McBride a été rejoint lors du voyage par un groupe de législateurs américains représentant les deux chambres et les deux partis. Le contingent comprenait les sénateurs démocrates Chris Coons du Delaware, Jeanne Shaheen du New Hampshire, Dick Durbin de l'Illinois, Peter Welch du Vermont et les sénateurs républicains Thom Tillis de Caroline du Nord et Lisa Murkowski d'Alaska, ainsi que des membres de la Chambre, dont les représentants Steny Hoyer du Maryland, Gregory Meeks de New York, Madeleine Dean de Pennsylvanie et Sara Jacobs de Californie.
McBride, le premier membre transgenre du Congrès, a déclaré que la délégation avait rencontré une profonde anxiété sur le terrain, les familles et les enfants exprimant leur incertitude quant à ce que la politique américaine pourrait signifier pour leur autonomie et leur avenir. « Nous entendons dire qu'ils ont peur pour leur sécurité. Ils ont peur pour leurs libertés », a-t-elle déclaré.

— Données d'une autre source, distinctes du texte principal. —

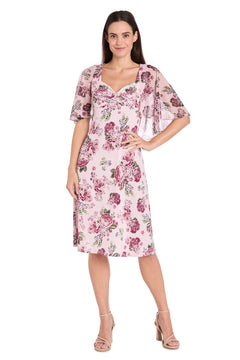 A woman smiles while wearing the Modest Pink Print Party Dress (R&M Richards 3467), featuring a floral print and matching sheer short-sleeved overlay, paired with neutral heels.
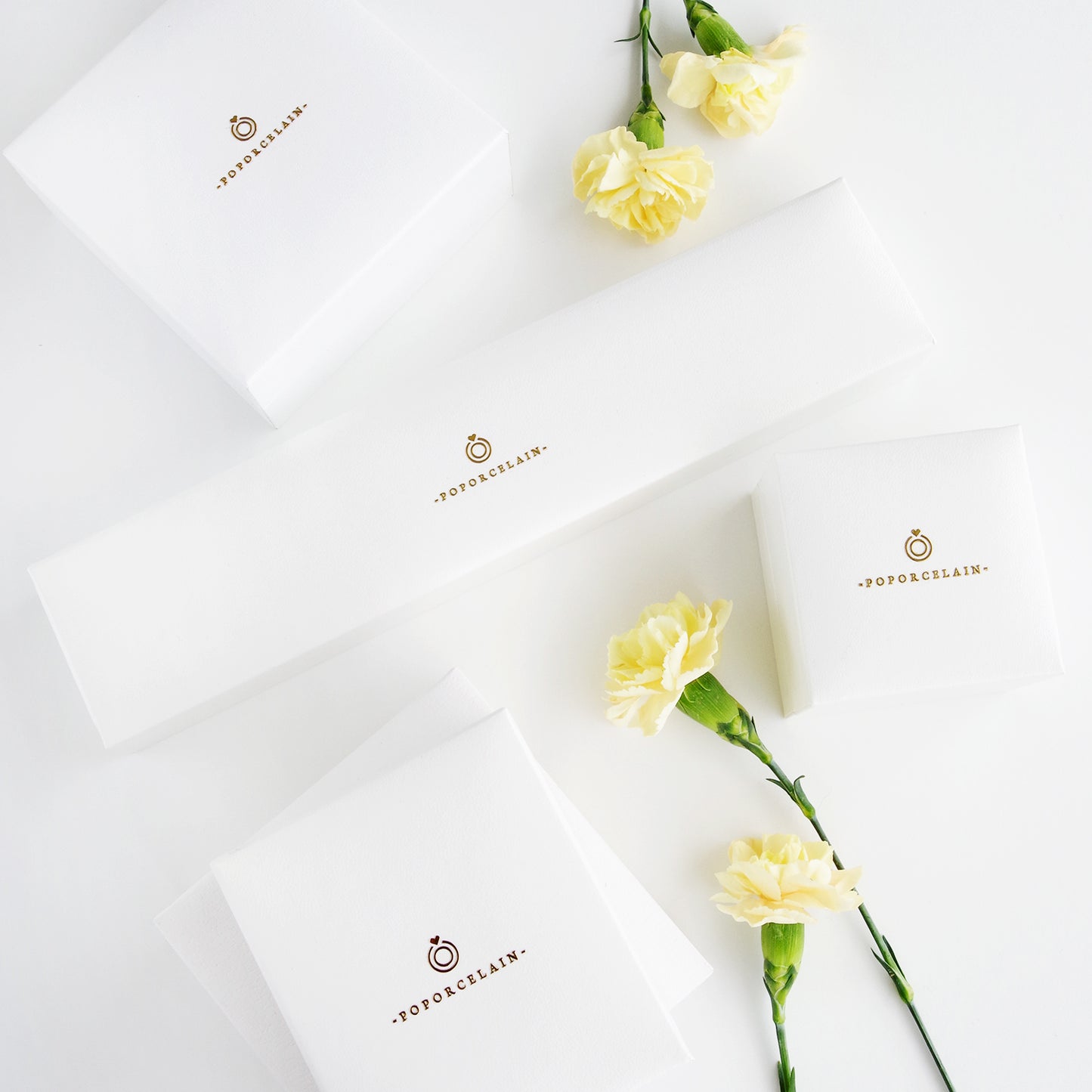 Branded packaging for Porcelain Moonlight Rose Earrings by Poporcelain, featuring elegant white boxes and floral accents for gifting.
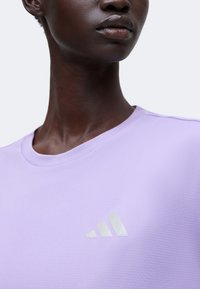 Gros plan d'une personne portant un t-shirt Adidas violet clair avec le logo visible sur la poitrine, montrant le cou et le bas du visage.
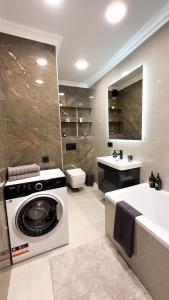 a bathroom with a washing machine and a bath tub at Brand New and Fully Furnished Apt in Buiucani in Chişinău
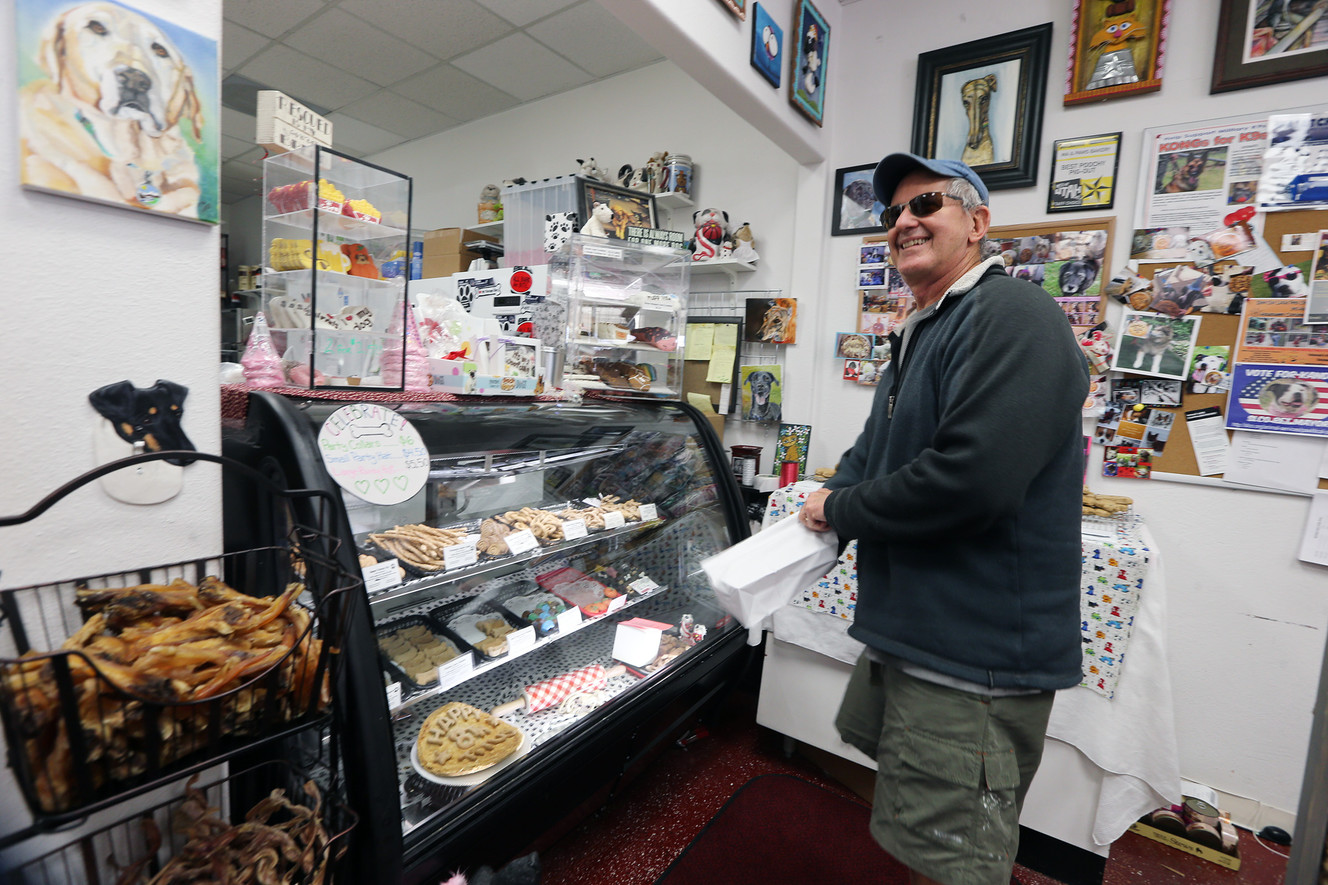 Drew Papadakis picks out a few treats for his dog at Ma and Paws Bakery in Millcreek on Saturday, Nov. 25, 2017. (Photo: Scott G Winterton, KSL)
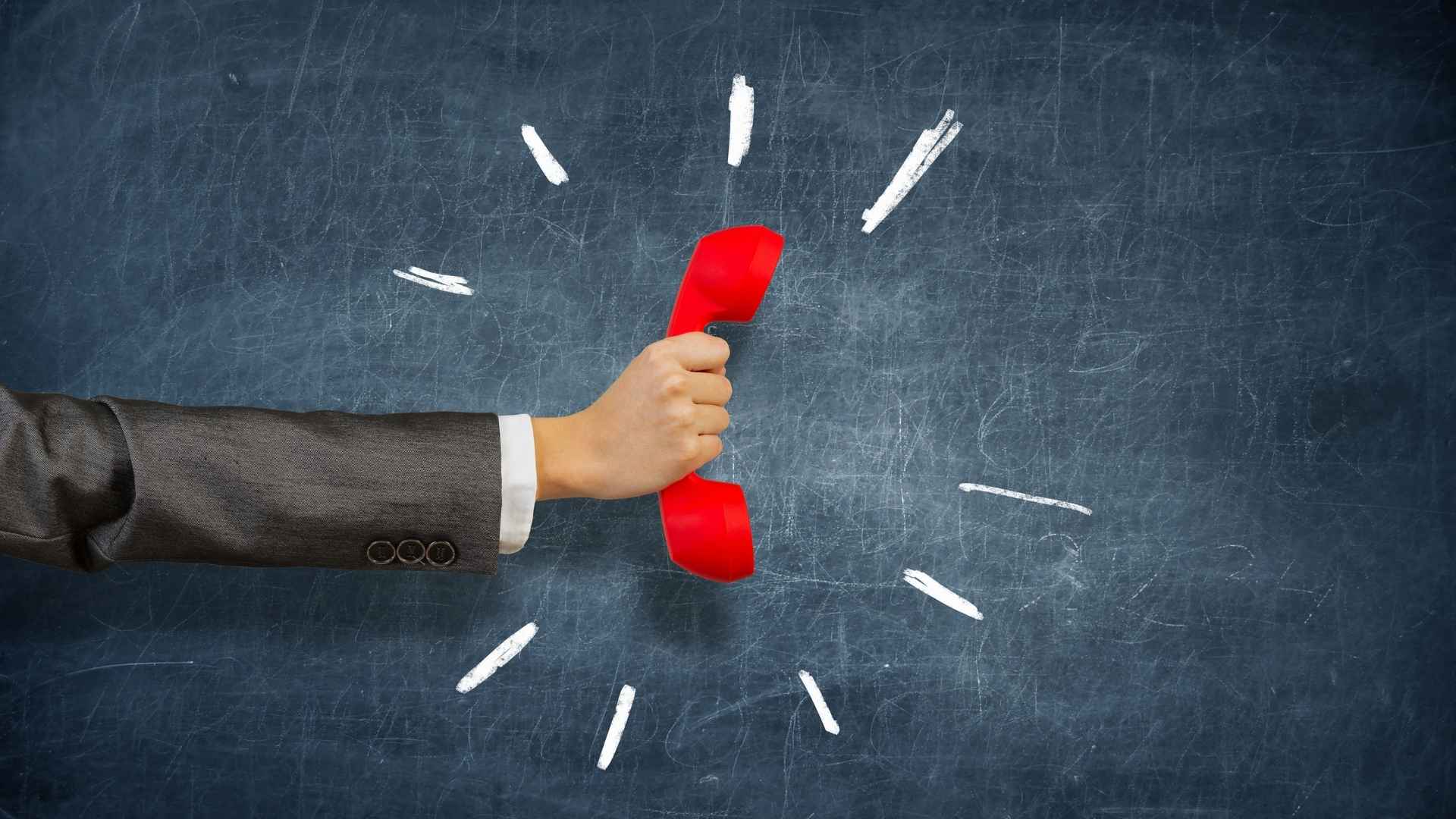 gentleman holding a red phone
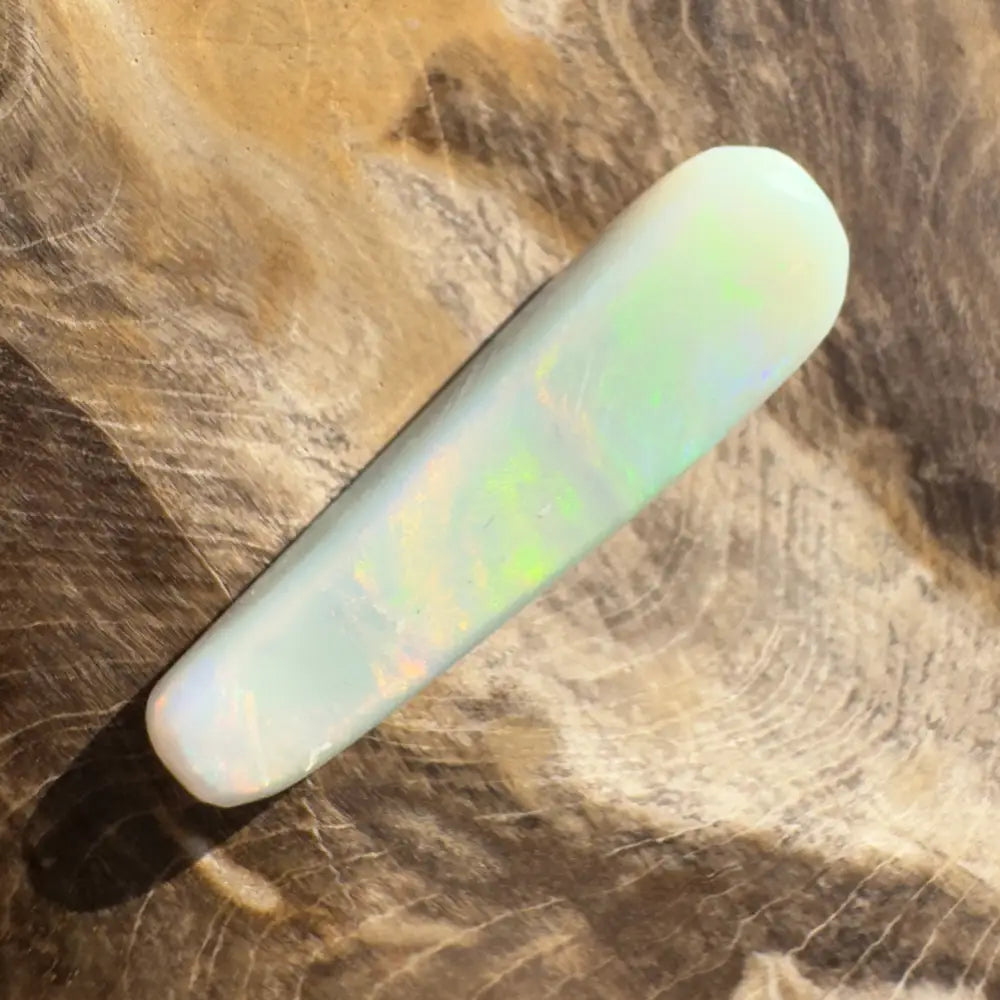 Iridescent white opal cabochon displayed in a Hand-Cut Solid Lightning Ridge Opal 7.5carat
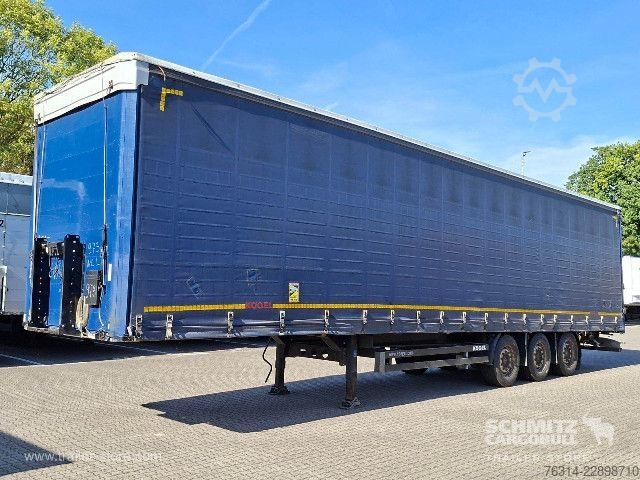 Avoin puoliperävaunu pressulla Kögel Curtainsider Mega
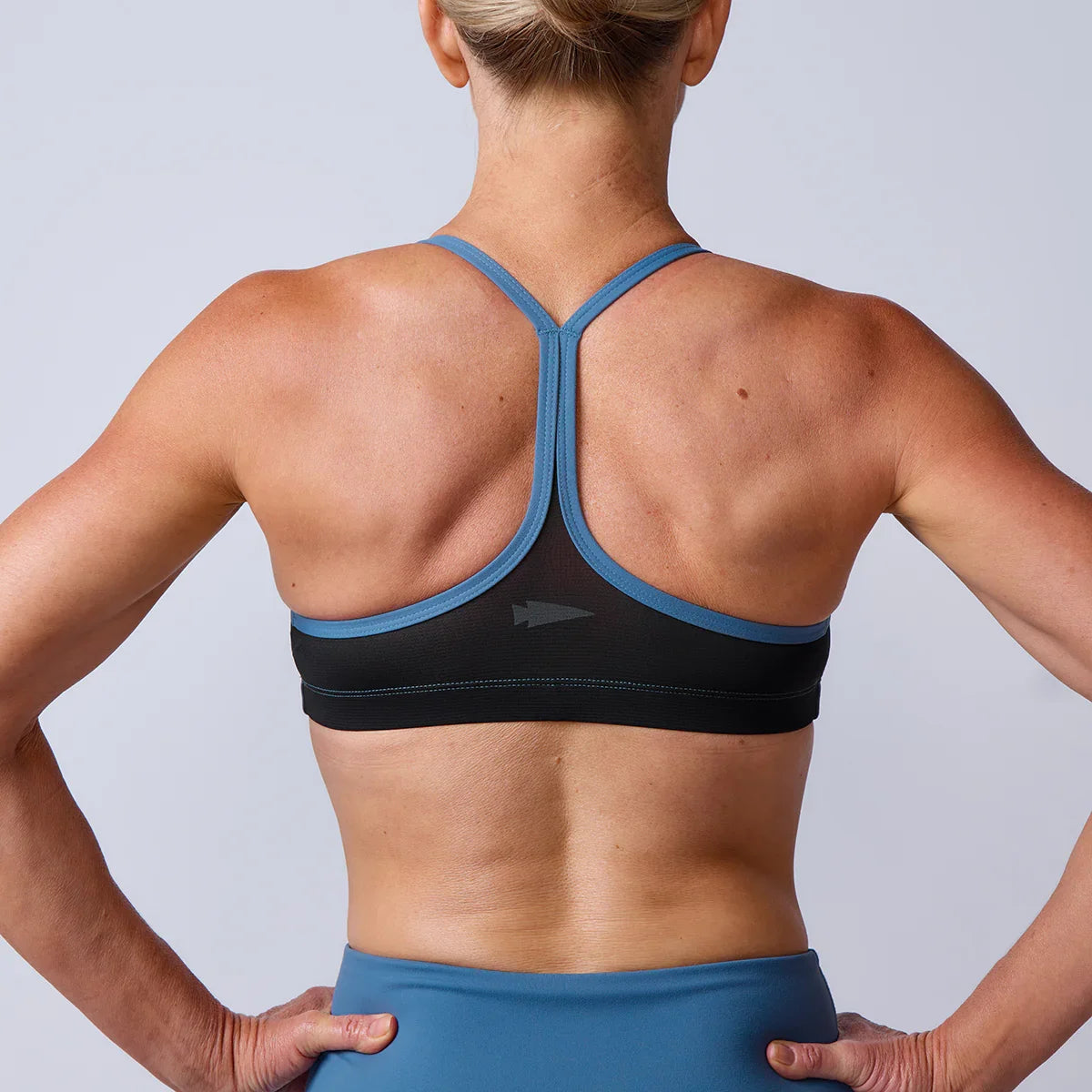Woman wearing GORUCK athletic sports bra and leggings, back view, fitness gear studio shot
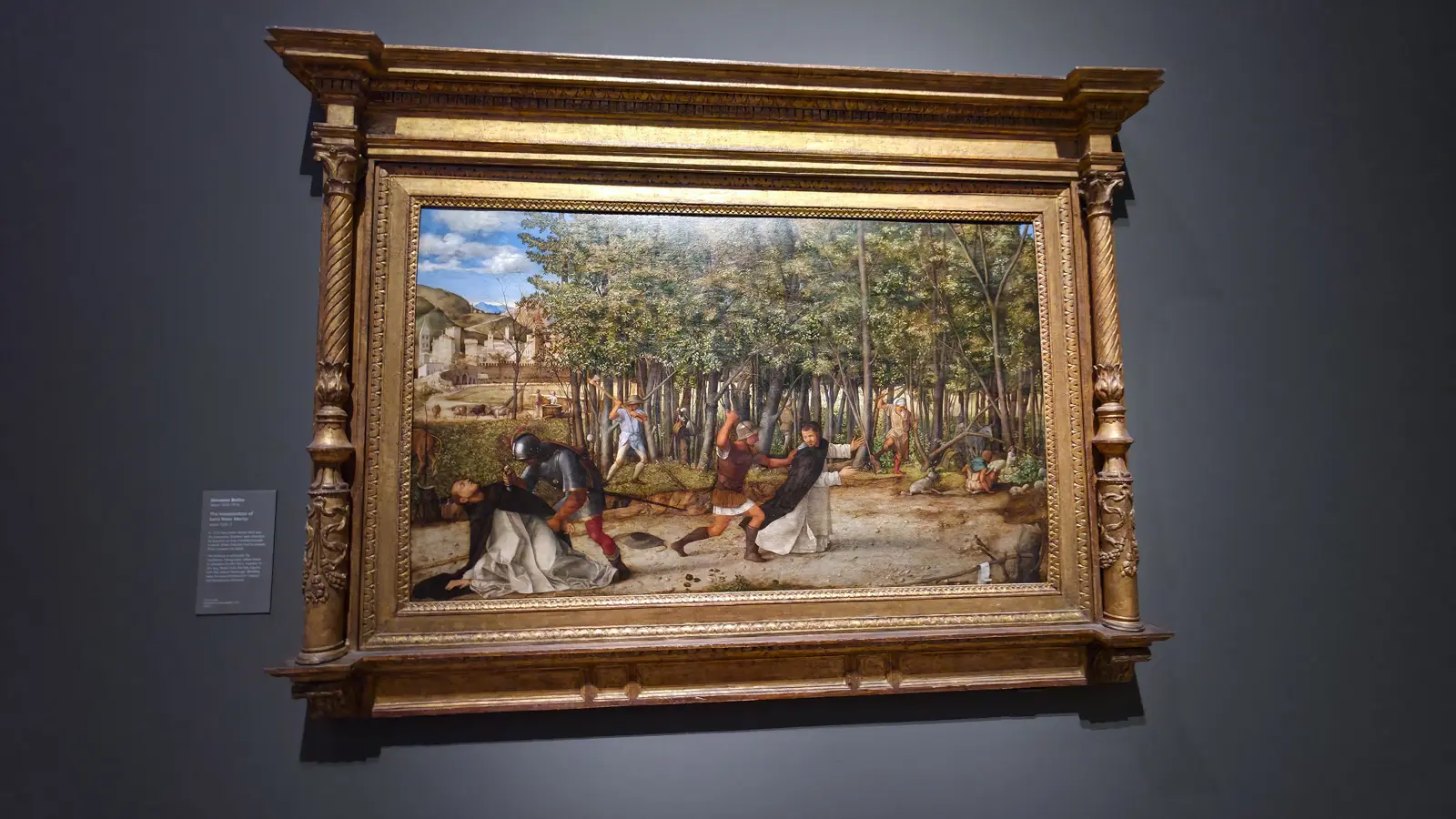 Giovanni Bellini's The Assassination of Saint Peter Martyr at the National Gallery, London, a Dominican friar struck down on a forest path while woodsmen fell trees behind.
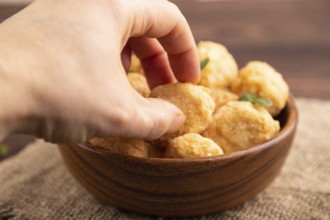Fried crispy Chicken Nuggets with ketchup, microgreen on brown wooden background and linen textile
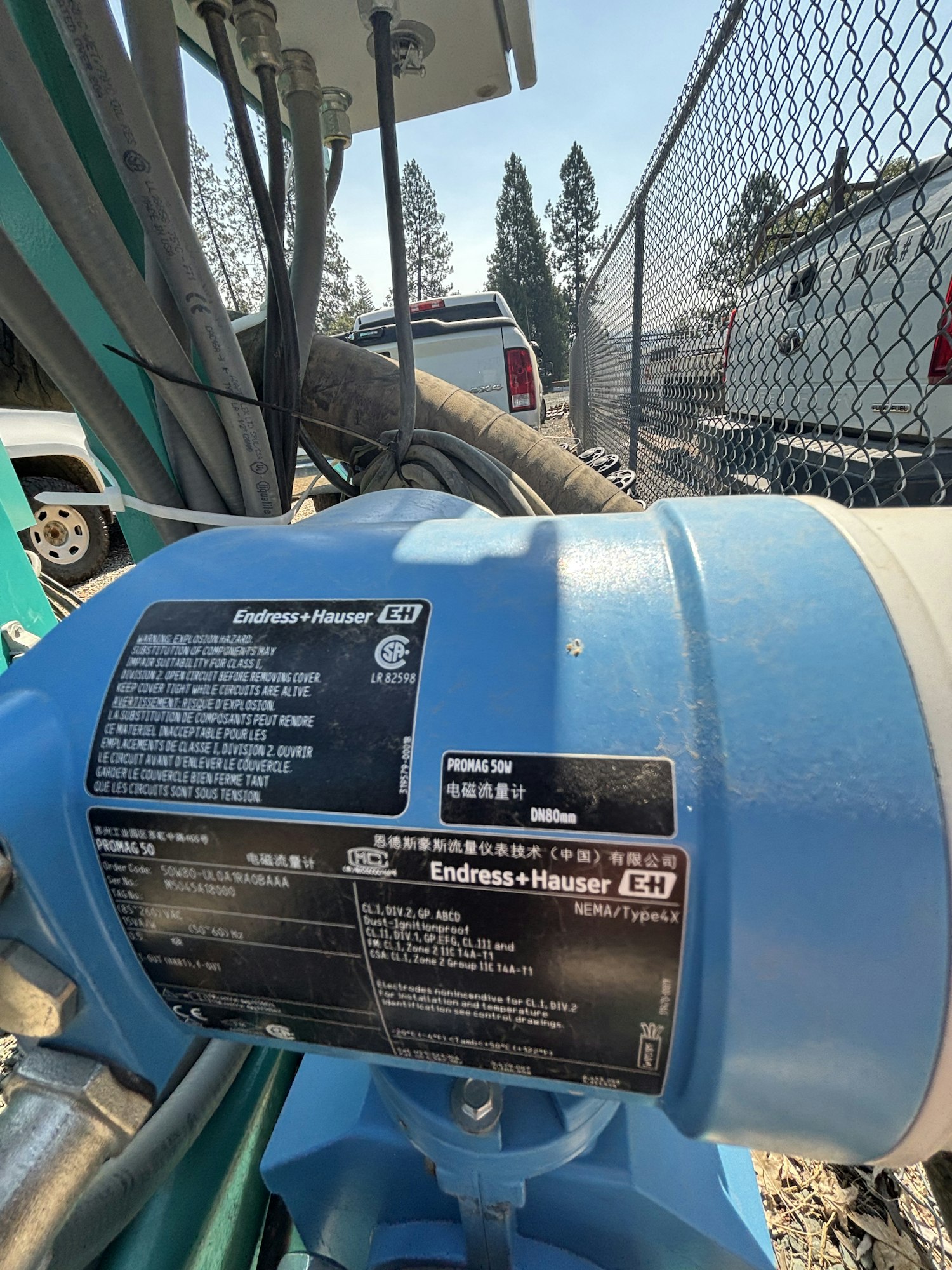 The image shows a blue Endress+Hauser PROMAG 50 flowmeter with technical specifications and wires, near parked vehicles and a fence.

Les législateurs américains se sont rendus au Danemark en partie pour rassurer leurs alliés sur le fait que la plupart des Américains ne soutiennent pas les efforts visant à prendre le contrôle du Groenland, alors même que Trump intensifie la pression par le biais de tarifs douaniers et de rhétorique stratégique. La visite a été largement décrite à Copenhague comme une tournée de réassurance visant à souligner le partenariat de longue date entre les États-Unis et le Royaume du Danemark.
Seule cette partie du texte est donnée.